Per essere chiari, non ci sono prove che i mini-cervelli siano coscienti. Ma "queste preoccupazioni aumenteranno durante lo sviluppo dell'intelligenza organoide, man mano che gli organoidi diventano strutturalmente più complessi, ricevono input, generano output e, almeno teoricamente, elaborano informazioni sul loro ambiente e costruiscono una memoria primitiva", hanno detto gli autori. Tuttavia, l'obiettivo dell'intelligenza organoide non è ricreare la coscienza umana, ma imitare le funzioni computazionali del cervello.

Il processore mini-cervello non è certo l'unica preoccupazione etica. Un altro è la donazione di cellule. Poiché i mini-cervelli conservano la composizione genetica del loro donatore, c'è la possibilità di bias di selezione e limitazione della neurodiversità.

Poi c'è il problema del consenso informato. Come ha dimostrato la storia con la famosa linea di cellule cancerose cellule HeLa, la donazione di cellule può avere impatti multigenerazionali. "Cosa mostra l'organoide sul donatore di cellule?" chiesero gli autori. I ricercatori avranno l'obbligo di informare il donatore se scoprono disturbi neurologici durante la loro ricerca?

Per navigare nel "territorio veramente inesplorato", il team propone un approccio etico incorporato. Ad ogni fase, i bioeticisti collaboreranno con i gruppi di ricerca per mappare i potenziali problemi in modo iterativo mentre raccolgono le opinioni pubbliche. La strategia è simile ad altri argomenti controversi, come editing genetico negli esseri umani.

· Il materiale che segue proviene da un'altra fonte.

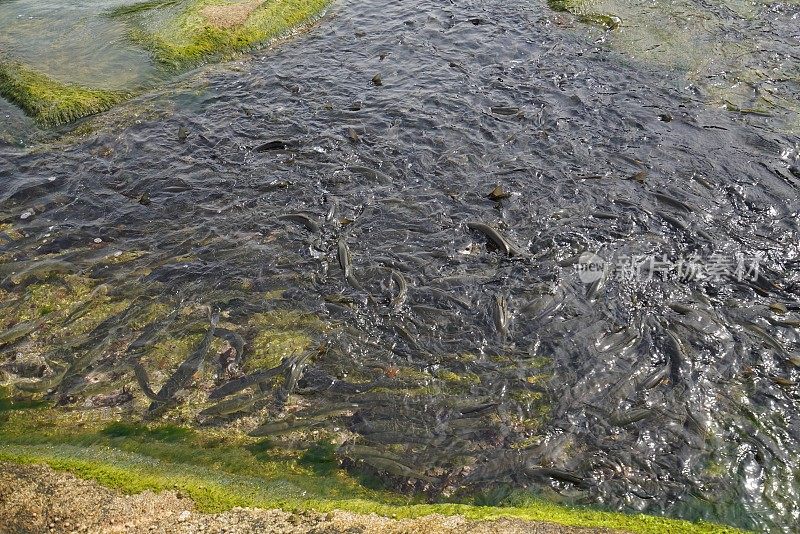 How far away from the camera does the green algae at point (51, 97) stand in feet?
50.8

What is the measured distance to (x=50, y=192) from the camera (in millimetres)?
13070

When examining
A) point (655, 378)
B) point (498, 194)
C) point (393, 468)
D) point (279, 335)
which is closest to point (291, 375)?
point (279, 335)

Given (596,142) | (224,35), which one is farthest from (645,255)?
(224,35)

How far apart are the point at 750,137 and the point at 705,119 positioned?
114 centimetres

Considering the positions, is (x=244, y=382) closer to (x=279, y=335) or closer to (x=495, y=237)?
(x=279, y=335)

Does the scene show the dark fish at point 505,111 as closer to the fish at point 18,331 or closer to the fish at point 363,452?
the fish at point 363,452

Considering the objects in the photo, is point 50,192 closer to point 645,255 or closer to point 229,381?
point 229,381

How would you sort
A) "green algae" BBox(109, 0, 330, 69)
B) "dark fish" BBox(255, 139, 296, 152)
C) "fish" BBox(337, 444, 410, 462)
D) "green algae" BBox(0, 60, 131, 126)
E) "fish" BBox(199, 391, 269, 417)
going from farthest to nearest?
"green algae" BBox(109, 0, 330, 69)
"green algae" BBox(0, 60, 131, 126)
"dark fish" BBox(255, 139, 296, 152)
"fish" BBox(199, 391, 269, 417)
"fish" BBox(337, 444, 410, 462)

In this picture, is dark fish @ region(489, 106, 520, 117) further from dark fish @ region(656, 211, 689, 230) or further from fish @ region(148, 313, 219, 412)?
fish @ region(148, 313, 219, 412)

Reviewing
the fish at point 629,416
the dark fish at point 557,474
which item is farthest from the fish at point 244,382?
the fish at point 629,416

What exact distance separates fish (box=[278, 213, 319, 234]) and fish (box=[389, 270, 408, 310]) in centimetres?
214

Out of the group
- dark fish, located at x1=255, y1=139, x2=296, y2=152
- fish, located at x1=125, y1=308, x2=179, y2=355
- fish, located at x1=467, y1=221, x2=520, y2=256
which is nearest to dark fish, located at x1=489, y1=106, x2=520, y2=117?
fish, located at x1=467, y1=221, x2=520, y2=256

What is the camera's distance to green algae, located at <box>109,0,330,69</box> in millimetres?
18219

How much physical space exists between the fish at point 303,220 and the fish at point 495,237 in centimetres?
Result: 305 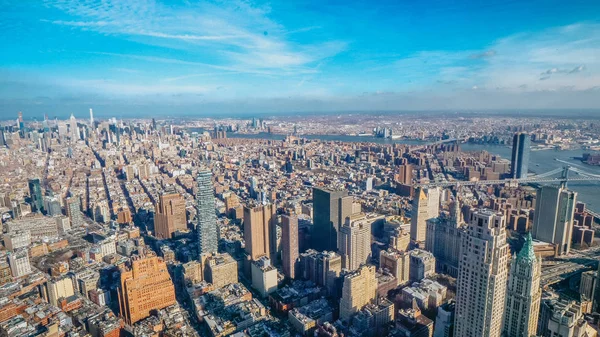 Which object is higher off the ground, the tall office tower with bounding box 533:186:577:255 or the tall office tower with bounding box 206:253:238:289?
the tall office tower with bounding box 533:186:577:255

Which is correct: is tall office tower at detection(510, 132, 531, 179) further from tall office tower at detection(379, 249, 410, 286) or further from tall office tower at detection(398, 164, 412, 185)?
tall office tower at detection(379, 249, 410, 286)

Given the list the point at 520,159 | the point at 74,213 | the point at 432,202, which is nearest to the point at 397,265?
the point at 432,202

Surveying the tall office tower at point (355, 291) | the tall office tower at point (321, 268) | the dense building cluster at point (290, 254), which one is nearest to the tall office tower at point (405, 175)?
the dense building cluster at point (290, 254)

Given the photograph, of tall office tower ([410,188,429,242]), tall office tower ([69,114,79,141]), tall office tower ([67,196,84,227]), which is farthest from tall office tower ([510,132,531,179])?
tall office tower ([69,114,79,141])

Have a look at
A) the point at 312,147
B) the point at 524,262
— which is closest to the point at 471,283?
the point at 524,262

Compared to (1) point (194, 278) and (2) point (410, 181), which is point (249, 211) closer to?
(1) point (194, 278)

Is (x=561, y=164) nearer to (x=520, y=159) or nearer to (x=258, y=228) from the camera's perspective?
(x=520, y=159)

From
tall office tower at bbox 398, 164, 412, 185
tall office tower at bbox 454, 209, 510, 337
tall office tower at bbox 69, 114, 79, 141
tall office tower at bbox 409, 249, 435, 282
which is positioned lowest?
tall office tower at bbox 409, 249, 435, 282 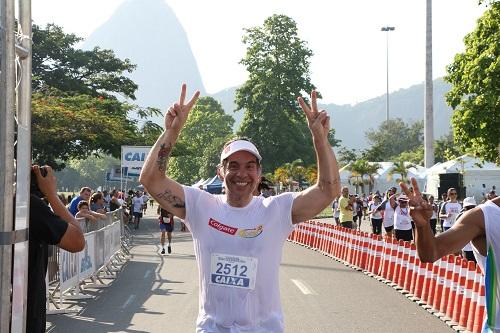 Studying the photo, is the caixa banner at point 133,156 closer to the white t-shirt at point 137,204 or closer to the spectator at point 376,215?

Un mini computer alimentato dal cervello è lontano anni. "Ci vorranno decenni prima di raggiungere l'obiettivo di qualcosa di paragonabile a qualsiasi tipo di computer", ha affermato Hartung. Ma è ora di iniziare: lanciare il programma, consolidare più tecnologie in tutti i campi e impegnarsi in discussioni etiche.

"In definitiva, miriamo a una rivoluzione nel calcolo biologico che potrebbe superare molti dei limiti del calcolo basato sul silicio e dell'intelligenza artificiale e avere implicazioni significative in tutto il mondo", ha affermato il team.